Data availability guide, Part 4: how Lumio on Solana solves the DA problem

L2 on Solana and the DA problem | PDA addresses and commitment schemes | Data storage costs on Solana | How Lumio L2 ensures DA on Solana

Dec 23, 2024

Lumio L2 on Solana uses program-derived accounts (PDA) together with efficient data compression and commitment schemes to ensure robust data availability at the lowest possible cost. In this final part of our DA guide, we’ll delve into these advanced concepts to understand how DA on Solana works.

Intro: the structure of Pontem’s guide to DA

If you haven’t read the first three parts of our epic guide to data availability, we suggest that you do that - otherwise it will be difficult to understand what we are talking about in this blog.
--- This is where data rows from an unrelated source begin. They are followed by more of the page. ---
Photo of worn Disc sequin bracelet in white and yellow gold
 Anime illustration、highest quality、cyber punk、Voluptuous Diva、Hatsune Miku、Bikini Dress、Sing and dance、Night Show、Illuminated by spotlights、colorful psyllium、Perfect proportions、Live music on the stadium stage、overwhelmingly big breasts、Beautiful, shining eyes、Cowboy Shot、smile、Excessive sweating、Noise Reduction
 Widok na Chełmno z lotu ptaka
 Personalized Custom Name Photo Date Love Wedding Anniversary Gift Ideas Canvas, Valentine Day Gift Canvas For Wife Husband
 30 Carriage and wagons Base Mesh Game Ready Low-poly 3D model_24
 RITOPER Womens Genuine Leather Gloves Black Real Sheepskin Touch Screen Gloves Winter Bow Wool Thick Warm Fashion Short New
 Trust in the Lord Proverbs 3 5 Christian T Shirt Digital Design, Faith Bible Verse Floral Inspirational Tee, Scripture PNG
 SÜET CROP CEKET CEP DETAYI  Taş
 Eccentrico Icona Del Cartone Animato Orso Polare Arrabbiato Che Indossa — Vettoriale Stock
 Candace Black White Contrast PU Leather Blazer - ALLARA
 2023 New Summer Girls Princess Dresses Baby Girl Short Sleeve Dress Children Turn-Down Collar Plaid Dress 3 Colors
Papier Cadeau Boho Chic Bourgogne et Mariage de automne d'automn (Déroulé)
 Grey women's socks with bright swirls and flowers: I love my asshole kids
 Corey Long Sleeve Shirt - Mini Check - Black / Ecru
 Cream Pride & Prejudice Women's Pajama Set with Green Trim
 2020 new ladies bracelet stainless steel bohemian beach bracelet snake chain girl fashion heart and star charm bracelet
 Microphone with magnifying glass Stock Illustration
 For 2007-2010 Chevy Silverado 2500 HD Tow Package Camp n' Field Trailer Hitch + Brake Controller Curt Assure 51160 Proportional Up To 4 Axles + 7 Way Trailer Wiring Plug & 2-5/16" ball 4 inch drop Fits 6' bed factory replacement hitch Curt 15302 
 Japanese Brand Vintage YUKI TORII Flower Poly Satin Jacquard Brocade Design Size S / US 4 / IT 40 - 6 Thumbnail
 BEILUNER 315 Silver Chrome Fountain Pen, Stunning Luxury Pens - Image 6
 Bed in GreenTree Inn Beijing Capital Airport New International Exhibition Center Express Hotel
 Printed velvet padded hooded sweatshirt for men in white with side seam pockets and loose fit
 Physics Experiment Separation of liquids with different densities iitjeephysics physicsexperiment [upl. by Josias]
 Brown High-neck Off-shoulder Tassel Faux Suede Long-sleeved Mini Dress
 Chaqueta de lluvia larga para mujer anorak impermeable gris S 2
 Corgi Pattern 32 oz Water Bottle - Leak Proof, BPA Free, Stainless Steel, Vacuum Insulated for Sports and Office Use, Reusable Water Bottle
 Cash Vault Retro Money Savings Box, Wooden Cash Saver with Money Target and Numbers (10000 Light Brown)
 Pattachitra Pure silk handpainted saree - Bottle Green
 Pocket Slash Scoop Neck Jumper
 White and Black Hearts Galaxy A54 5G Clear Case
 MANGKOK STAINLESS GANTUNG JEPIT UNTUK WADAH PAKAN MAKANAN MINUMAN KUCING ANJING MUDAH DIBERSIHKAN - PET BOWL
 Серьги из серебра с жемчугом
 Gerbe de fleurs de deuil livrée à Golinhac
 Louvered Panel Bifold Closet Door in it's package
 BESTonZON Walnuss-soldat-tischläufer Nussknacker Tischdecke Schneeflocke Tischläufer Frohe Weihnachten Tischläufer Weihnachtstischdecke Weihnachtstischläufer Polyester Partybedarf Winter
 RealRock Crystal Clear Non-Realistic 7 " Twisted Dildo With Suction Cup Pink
In Part 1, we talked about the meaning of data availability (DA) for various types of blockchain players, including full nodes, end users, and rollup sequencers.

In Part 2, we explored the leading DA solutions in the market, including Celestia, EigenDA, NEAR, and Polygon Avail. Though they can support chains built on different blockchain virtual machines and different settlement layers, these DA layers are mostly aimed at Ethereum rollups.

In Part 3, we looked at the L2 landscape on Solana, including Pontem-built Lumio, ZX by Zeta Markets, Eclipse, and ephemeral rollups by Magic Block. This topic is relevant to our discussion, as any potential 2 on Solana will need to solve the data availability problem.

Finally, in Part 4, we turn to how Lumio L2 solves the DA issue on Solana by using a combination of PDA addresses, commitments, and data compression. We’ll see how much it costs to store rollup data on Solana mainnet and how this amount can be minimized. It’s a pretty technical subject, but we will try to explain everything in the clearest way possible.

Reminder: what is Lumio on Solana?

Lumio is part of the Lumio L2 federation of rollups, which also includes SuperLumio, an EVM implementation based on Optimism’s OP Stack, and the current Lumio testnet that supports both EVM and Move VM.

Lumio on Solana technically supports three VMs: SVM, EMV, and Move VM. Once we have made sure that the devnet is stable, we will make Lumio on Solana the default testnet for the whole Lumio framework.

You can register to test Lumio on Solana in devnet here.

How Lumio L2 on Solana handles data availability (DA)

As we have discussed in Part 3, the maximum size for a Solana transaction is 1 kb (or, rather, 1,232 bytes, compared to 128 kb on Ethereum with the new blob transactions. 1 kilobyte is hardly enough for a whole batch of rollup transactions, which creates a whole new dimension for the DA problem on Solana: you have to use a different way to send and store rollup transactions to the mainnet.

Luckily, an alternative exists: PDAs, or program-derived accounts. They can store up to 10 MB of data (see the “Intro to PDAs” section of this article). Let’s see how they work.

Intro to PDAs

First of all, we need to distinguish between two types of accounts on Solana:

Keypair accounts: regular accounts that have a private key and a public key;
Accounts based on program-derived addresses (PDAs) - special addresses created by a smart contract (program) that don’t have their own private key.

To create a PDA, a program can use a string of numbers or some other predefined input. The address is derived in a deterministic way based on that input, the program’s ID, and an additional value called a bump seed.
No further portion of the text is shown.